# What the task asks
Using the listing below, set down each line from the line containing "Low angle view" through the line containing "A man holds", both ends included, exactly and with nothing added.
[[ Data extract, beginning ]]
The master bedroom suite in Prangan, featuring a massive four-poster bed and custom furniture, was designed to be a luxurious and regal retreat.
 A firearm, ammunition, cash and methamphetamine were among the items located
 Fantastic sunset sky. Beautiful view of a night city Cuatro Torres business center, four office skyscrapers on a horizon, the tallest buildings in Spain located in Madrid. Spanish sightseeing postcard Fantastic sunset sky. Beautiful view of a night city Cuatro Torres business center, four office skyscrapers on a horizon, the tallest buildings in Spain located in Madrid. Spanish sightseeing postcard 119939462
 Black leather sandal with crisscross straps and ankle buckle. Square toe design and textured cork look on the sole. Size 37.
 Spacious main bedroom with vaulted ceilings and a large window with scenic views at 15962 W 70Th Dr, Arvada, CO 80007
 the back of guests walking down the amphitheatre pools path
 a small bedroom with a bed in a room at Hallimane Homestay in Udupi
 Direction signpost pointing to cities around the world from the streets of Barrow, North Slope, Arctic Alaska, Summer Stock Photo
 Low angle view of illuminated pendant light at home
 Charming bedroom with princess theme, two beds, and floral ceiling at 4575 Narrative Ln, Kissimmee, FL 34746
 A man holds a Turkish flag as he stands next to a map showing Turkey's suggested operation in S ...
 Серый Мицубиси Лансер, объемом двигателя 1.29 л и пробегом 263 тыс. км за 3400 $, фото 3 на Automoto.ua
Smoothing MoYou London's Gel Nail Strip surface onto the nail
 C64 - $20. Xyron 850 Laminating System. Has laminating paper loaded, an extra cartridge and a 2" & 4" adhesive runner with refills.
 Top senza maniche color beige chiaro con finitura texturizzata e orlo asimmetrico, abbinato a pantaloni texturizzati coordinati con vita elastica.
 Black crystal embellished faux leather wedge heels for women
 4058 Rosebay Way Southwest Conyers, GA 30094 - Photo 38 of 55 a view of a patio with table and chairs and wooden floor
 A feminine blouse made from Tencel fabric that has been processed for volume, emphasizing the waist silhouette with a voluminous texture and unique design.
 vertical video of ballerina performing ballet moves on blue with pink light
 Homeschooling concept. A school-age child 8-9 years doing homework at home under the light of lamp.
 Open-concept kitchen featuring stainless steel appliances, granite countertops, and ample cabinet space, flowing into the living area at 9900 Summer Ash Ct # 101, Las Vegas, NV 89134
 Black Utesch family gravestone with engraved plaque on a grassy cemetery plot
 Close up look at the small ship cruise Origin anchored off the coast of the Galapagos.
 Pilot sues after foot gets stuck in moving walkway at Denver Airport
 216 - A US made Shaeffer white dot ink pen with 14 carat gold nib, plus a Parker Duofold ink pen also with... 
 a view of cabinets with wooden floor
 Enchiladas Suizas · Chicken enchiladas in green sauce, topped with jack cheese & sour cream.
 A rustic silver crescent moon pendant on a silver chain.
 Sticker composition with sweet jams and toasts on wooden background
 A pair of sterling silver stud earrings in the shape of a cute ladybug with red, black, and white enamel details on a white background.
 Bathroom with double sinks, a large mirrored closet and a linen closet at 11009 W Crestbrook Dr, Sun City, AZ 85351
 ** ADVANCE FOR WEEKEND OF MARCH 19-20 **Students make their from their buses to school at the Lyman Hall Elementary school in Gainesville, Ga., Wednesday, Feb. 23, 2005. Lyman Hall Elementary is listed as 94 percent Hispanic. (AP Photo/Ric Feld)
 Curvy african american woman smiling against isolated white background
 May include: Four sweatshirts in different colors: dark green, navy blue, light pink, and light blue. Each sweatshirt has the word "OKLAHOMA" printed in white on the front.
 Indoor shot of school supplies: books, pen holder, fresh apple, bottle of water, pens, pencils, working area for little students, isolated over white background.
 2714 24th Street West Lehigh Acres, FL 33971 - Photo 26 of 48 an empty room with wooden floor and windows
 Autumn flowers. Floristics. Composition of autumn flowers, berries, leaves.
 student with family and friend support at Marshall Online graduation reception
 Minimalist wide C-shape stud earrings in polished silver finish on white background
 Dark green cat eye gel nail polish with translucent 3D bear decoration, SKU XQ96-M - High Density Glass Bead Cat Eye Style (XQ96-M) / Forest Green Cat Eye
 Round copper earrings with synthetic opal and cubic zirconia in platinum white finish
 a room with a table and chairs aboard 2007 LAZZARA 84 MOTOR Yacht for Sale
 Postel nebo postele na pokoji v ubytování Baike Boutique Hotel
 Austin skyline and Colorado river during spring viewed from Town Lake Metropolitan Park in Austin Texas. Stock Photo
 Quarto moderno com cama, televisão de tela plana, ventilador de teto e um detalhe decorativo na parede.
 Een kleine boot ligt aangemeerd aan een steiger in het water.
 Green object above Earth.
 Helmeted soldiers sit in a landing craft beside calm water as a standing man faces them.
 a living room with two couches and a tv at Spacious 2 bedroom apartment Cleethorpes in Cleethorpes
[[ Data extract, end ]]
# Solution to this task
 Low angle view of illuminated pendant light at home
 Charming bedroom with princess theme, two beds, and floral ceiling at 4575 Narrative Ln, Kissimmee, FL 34746
 A man holds a Turkish flag as he stands next to a map showing Turkey's suggested operation in S ...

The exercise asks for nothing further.